Are we there yet? Baruch fails to speed up its long renovations

Wikimedia Commons

Wikimedia Commons

The Editorial Board

Progress on various campus construction endeavors seems to have slowed to a crawl. Despite efforts to provide better resources to its students, Baruch College’s current efforts have diminished available spaces and resources, thereby going against its “best bang for your buck” reputation.

Though The Ticker’s editorial board has discussed similar construction issues in the past, more renovation projects have only been added to Baruch’s proverbial plate, without a clue as to when they are projected to be finished. Among these projects are the 17 Lex building rehabilitation, the 25th Street plaza — which, to be fair, is not being managed by Baruch or CUNY but by a city agency — painting, bulletin boards, the library building — which once had a notice that it was to be finished in the spring of 2019 that has since been removed — and window cleaning. Though the end result of these projects is sure to be great, the overwhelming amount of construction at Baruch impedes current students who will never see these projects to completion.

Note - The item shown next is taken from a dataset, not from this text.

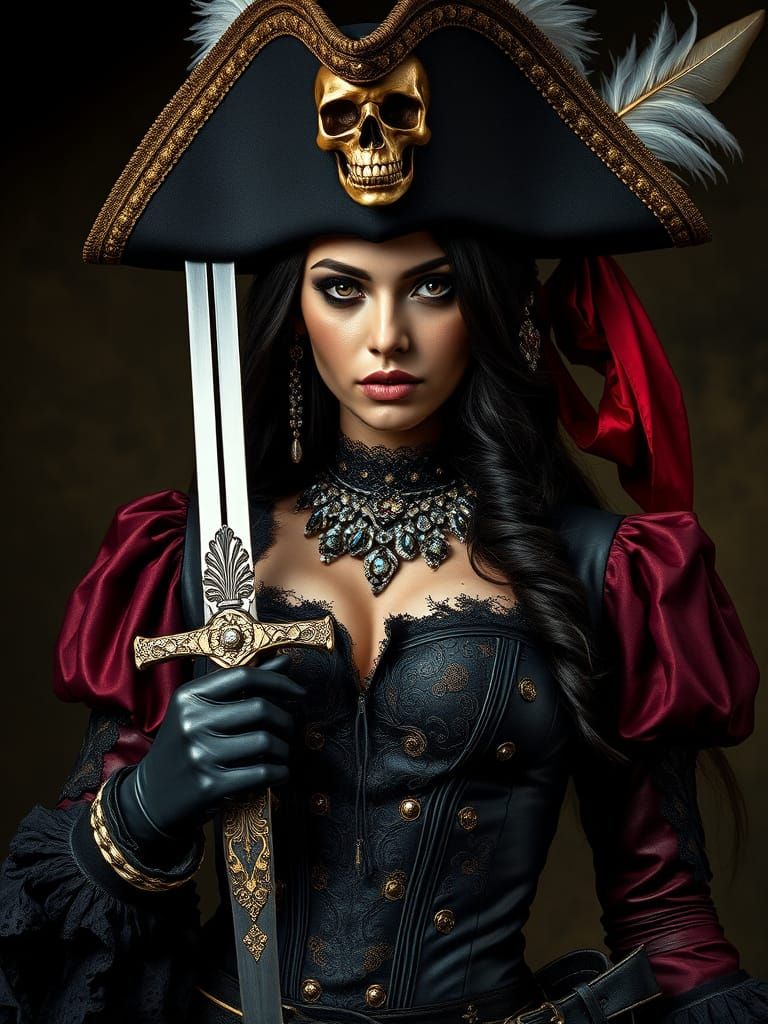 Gothic-Baroque Pirate Queen in Lavish Black and Gold Attire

While The Ticker’s editorial board understands the detours that arise as a consequence of said projects, the administration must understand the disappointment many current and future students will have. People understand that Baruch only aims to further expand and refurbish the resources available to students but, in the process of doing so, has closed off certain areas of its already small campus, thus further diminishing resources for students who are paying higher tuition prices now than they were when some of these spaces were completely in poor condition like 17 Lex.

If this current rate of dissatisfaction continues, Baruch may no longer be deemed worthy of its rank among “The Best Value Colleges,” as selected by Princeton Review’s The Best Value Colleges: 200 Schools with Exceptional ROI for Your Tuition Investment. If tuition paid to a university or college is equivalent to an investment, it is clear that Baruch’s undergrad ROI, or return on investment, is nothing exceptional. Tuition is meant to pay for access to all of a college’s resources, but Baruch students are only paying for access to scaffolding and a lack of a campus.

The Ticker urges the administration to remember that it has been years since these endeavors have begun, and there are students right now on campus who feel like they are going to school on a construction site.